The Space Between
Author: Brenna Yocanoff
Pub Date: November 15th 2011
Rating: 4.5 Birds
Everything is made of steel, even the flowers. How can you love anything in a place like this?
Daphne is the half-demon, half-fallen angel daughter of Lucifer and Lilith. Life for her is an endless expanse of time, until her brother Obie is kidnapped - and Daphne realizes she may be partially responsible. Determined to find him, Daphne travels from her home in Pandemonium to the vast streets of Earth, where everything is colder and more terrifying. With the help of the human boy she believes was the last person to see her brother alive, Daphne glimpses into his dreams, discovering clues to Obie's whereabouts. As she delves deeper into her demonic powers, she must navigate the jealousies and alliances of the violent archangels who stand in her way. But she also discovers, unexpectedly, what it means to love and be human in a world where human is the hardest thing to be.

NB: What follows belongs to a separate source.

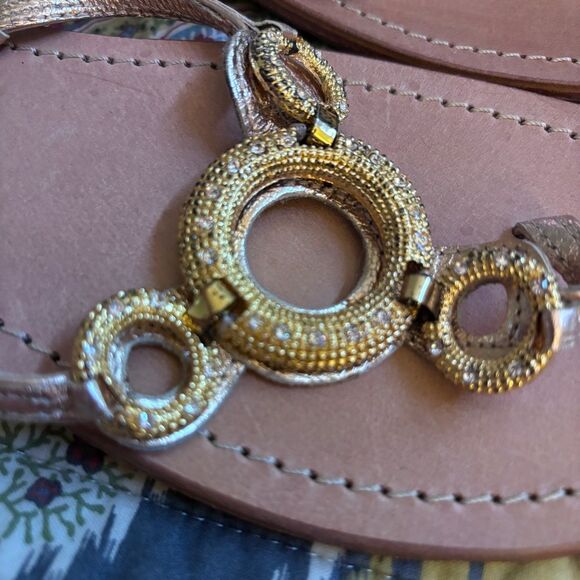 Matisse Strappy Gold Jeweled Thong Sandal Size 9 - Picture 9 of 9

Brenna Yovanoff’s books are always envelope me so completely, that when I finish them I am sad to see they are stand alones. In a world full of trilogy's, I do enjoy a singleton, to break things up now and then. But when you get to like main characters as much as I liked Daphne and Truman in The Space Between, saying good-bye can be a bit difficult and very bittersweet.
The Space Between is a complex and riveting story that spans from Heaven to Hell and in between. It may contain names of demons and angles you have read about before in mythology and other YA stories but I promise you – this story is different than anything you have read before. It reaches into the darkest depths of Hell, and the dingiest corners of Earth to bring you something hypnotic, atmospheric and gripping.
Daphne is the sheltered daughter of a demon and an angel. She lives in Hell, in a city called Pandemonium and though her sisters and brother travel to Earth to do their jobs, Daphne remains secured at home. It’s mostly her choice, because she is part good as well as part bad, unlike any of her siblings, she has a hard time understanding how they can do their evil and dark jobs.
This all changes when her brother goes missing, Obie is the only one who loved her, the only one who cared and Daphne is the only one who cares enough for him to look for him. She leaves the protection of the city, green and unaware of what to expect on Earth, to search for Obie and a boy named Truman who was the last human to see her brother alive. But Truman has his own secrets. His own issues and deep dark dysfunction.
I really, really enjoyed this novel, but one little thing stood out to me as lacking just a bit. The character Raymie, while she is very important to the story, felt kind of like a second thought to me. With out her, the story wouldn't have a purpose after awhile, but I wish there had bee more about her, she felt slightly undeveloped to me. That is the only “complaint” (for lack of a better word, though it seems too harsh and not what I really mean by it) I have about The Space Between, and it didn’t change my end thought of the book whatsoever.
Pick this novel up! I promise you will be surprised by the complexity and sheer genius of the plot!!!